3 Mart 2011 Perşembe

Anlamak ve İnanmak

Zıt kavramlardır. Anlamak, inanmanın tersidir. Biri bilmek ister gerçeği. Arzusu, güdüsü budur. Diğeri buna kafa yormaz. Çünkü gerçek ona söylenir ve iman etmesi beklenir.

Anlamak, onun öyle olmadığına ilişkin en küçük olanağa sarılır, şüphecidir. Test eder, sorgular, dener, almak ya da terketmek ister. Her ne ise onun şu an alınmış olması yarın terkedilmeyeceğine garanti değildir. Sorgu bir son değil bir süreçtir çünkü. Alışkanlığı sevmez, tekrar tekrar ve hiç durmadan benzer bir tavır bekler, huzursuzdur. Her şey yolunda ise bilirki bir bit yeniği vardır. Sanattır, felsefedir. 
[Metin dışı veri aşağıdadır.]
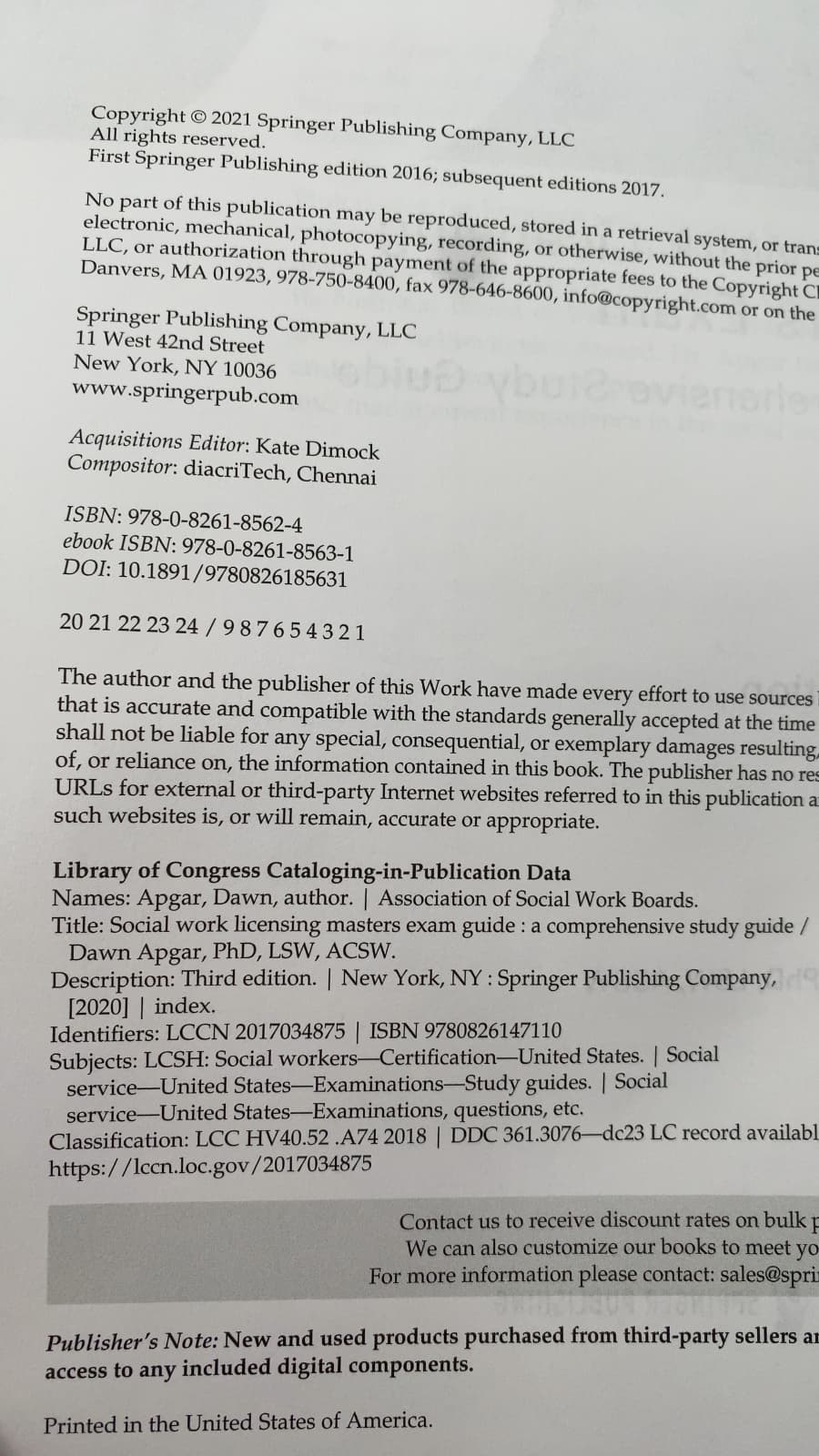 Social Work Licensing Masters Exam: A Comprehensive Study Guide by Dawn Apgar, PhD, LSW, ACSW - additional view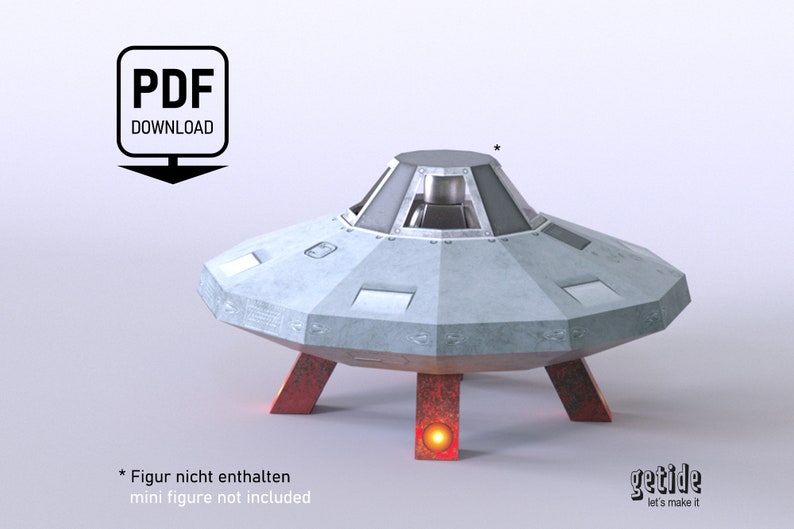 May include: A gray papercraft model of a flying saucer with red landing legs. The saucer has a round, domed top with a window and a small, round hatch. The model is on a white background. *Figur not enthalten mini figure not included*  PDF DOWNLOAD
İnanmaksa her ne sürecin sonu olursa olsun sorgunun sonudur. Artık o, inanıldığı anda her ne ise odur. Bundan sonra bir tereddüt veya kuşku istemez ki ona inanılmış olsun. Rahattır, bir tekinsizlik taşımaz, yanıltmaz. Son noktadır, değişmek istemez, durağandır. Alışkanlıktır, rutindir, imandır, huzurdur. Bilimdir, dindir.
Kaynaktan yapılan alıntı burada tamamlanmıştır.